An SDDC provides unprecedented benefits to an organization. The increased agility allows rapid infrastructure deployment and repurposing to enable the organization to balance and prioritize workloads for best performance and optimized efficiency. The improved efficiency of a software-defined network (SDN) enables faster time to market for new applications, along with increased utilization and a more favorable ROI for infrastructure expenditures.

In addition, SDN helps enable more advanced security and protection from threats than possible with hardware alone. Traditional network architectures use perimeter protection such as firewalls or intrusion detection and prevention platforms and devices because they assumed that threats always came from outside the network and from unrecognized devices or addresses.

Why Micro-segmentation is Necessary

Today’s network environment has moved well beyond the basic assumption that threats arise only from traffic originating outside the organization, known as North-South traffic. Modern networks must be capable of managing traffic from inside and outside the organization, from both known and unknown devices and IP addresses.

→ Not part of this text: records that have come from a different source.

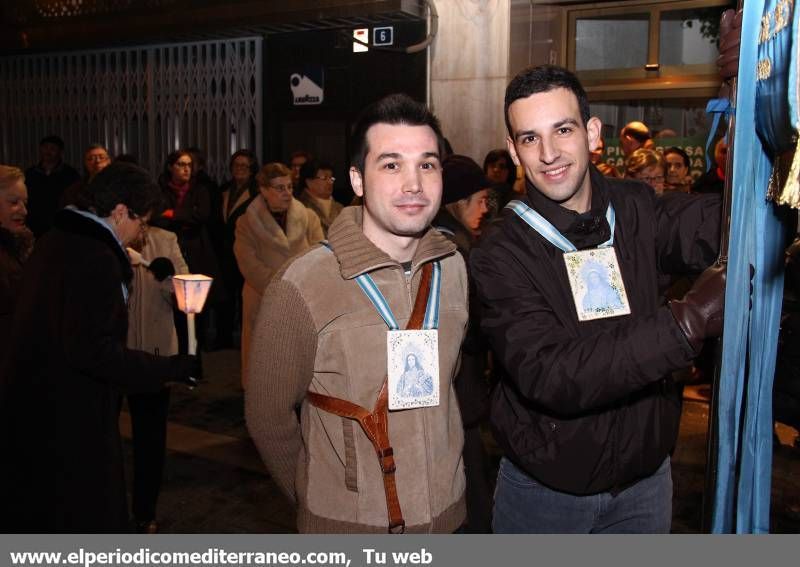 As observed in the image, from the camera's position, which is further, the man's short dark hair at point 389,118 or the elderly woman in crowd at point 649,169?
the elderly woman in crowd at point 649,169

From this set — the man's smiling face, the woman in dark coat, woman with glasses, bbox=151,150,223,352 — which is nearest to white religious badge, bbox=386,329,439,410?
the man's smiling face

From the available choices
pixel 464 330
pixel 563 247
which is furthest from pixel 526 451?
pixel 563 247

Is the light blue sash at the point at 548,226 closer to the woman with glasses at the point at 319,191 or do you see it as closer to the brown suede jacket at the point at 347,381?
the brown suede jacket at the point at 347,381

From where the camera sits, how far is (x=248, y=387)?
2.64 meters

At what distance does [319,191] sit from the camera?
26.3 ft

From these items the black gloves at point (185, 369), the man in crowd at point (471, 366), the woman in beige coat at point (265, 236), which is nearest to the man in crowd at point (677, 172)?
the man in crowd at point (471, 366)

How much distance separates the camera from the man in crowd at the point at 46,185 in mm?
9703

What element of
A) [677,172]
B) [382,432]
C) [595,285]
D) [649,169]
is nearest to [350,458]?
[382,432]

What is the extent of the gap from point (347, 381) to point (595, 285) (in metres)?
0.79

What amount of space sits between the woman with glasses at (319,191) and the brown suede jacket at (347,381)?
5.30 meters

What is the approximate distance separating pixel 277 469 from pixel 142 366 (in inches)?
46.6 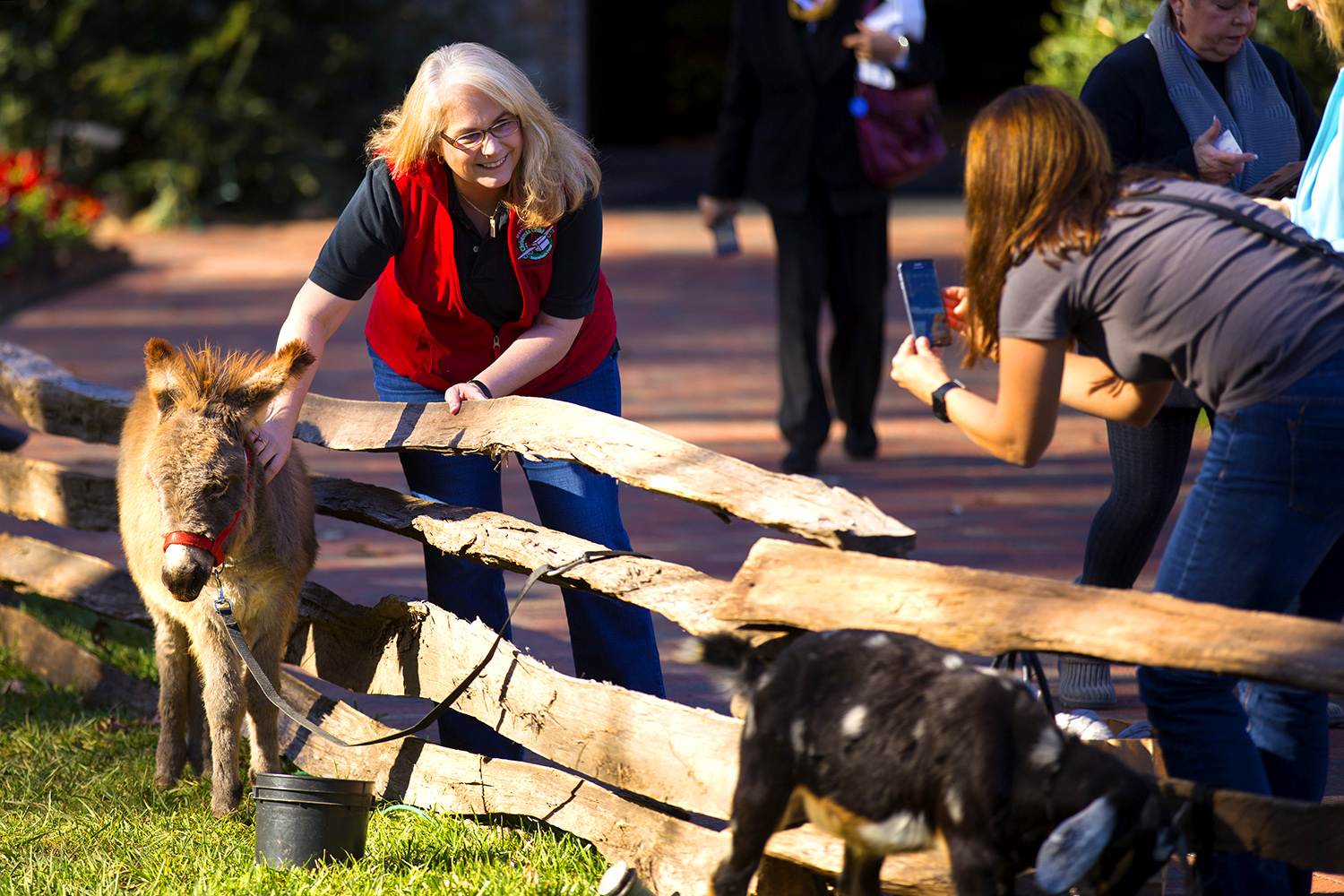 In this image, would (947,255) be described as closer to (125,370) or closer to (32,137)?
(125,370)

East-West traffic, that is traffic that crosses from device to device inside the data center has historically been considered safe. Once traffic has been granted access to the network, it is no longer subject to rigorous scrutiny by existing security measures.

Today, people access the network from personal devices and remote locations. With cloud solutions and BYOD policies, it is no longer possible to easily segregate trusted from untrusted traffic. By the time the network administrator is aware of the lost device, the damage may have already been done. The traditional network security maxim--“trust, but verify”—no longer provides adequate protection.

A Zero Trust Solution

The new network reality requires a “zero-trust” architecture, which can be summed up as “never trust; always verify”. Traditional network security is based on the idea of a trusted inner network and an untrusted outer network, but with the new model, all traffic is untrusted. Even once or formerly trusted sources are verified as potential threat sources, regardless of their internal or external origin. With this new model, IT departments are under the gun as they must still deliver the ease of access and top performance expected for critical applications.

This balancing act requires a least-privilege strategy coupled with strict access control. Traditional hardware-based security measures quickly become overwhelmed by throughput demands and the difficulty in reconfiguration. SDN-enabled data center micro-segmentation is quickly becoming one of the key solutions to provide the enhanced security necessary within today's data center.

Benefits of Micro-Segmentation and SDN

Automated provisioning and simple move, add or change configuration enable SDN to overcome the traditional drawbacks of hardware segmentation. The ease of configuration allows increasingly fine levels of segmentation and helps enforce security policies at every entry point. In addition, if workloads are removed, the equipment is easily reassigned programmatically and the former segmentation is removed along with the workload.

The result is that traffic must prove it is trustworthy at every entry point, and it cannot easily move across workloads as it could with former methods that assumed continued trust once inside the firewall. With SDN, micro-segmentation is easily managed for both security and policy compliance, and performance is assured with the use of multiple parallelized switching cores.